> **Your task**
For each line below with the word "Title", write out a copy.

────────────────────

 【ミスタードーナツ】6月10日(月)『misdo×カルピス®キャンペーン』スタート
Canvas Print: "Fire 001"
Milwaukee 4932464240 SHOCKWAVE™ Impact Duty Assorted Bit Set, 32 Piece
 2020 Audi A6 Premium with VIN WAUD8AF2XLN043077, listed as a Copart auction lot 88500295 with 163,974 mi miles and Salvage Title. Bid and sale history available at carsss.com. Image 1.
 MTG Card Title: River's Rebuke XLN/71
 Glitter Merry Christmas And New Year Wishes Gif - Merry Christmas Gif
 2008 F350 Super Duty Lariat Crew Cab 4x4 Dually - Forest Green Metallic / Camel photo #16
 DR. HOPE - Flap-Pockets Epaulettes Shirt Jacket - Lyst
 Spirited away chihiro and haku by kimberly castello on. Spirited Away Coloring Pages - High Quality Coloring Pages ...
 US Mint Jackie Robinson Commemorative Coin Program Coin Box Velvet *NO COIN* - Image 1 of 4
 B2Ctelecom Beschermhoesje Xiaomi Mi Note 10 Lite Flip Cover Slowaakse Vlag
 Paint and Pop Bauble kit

────────────────────

> **Output**
 2020 Audi A6 Premium with VIN WAUD8AF2XLN043077, listed as a Copart auction lot 88500295 with 163,974 mi miles and Salvage Title. Bid and sale history available at carsss.com. Image 1.
 MTG Card Title: River's Rebuke XLN/71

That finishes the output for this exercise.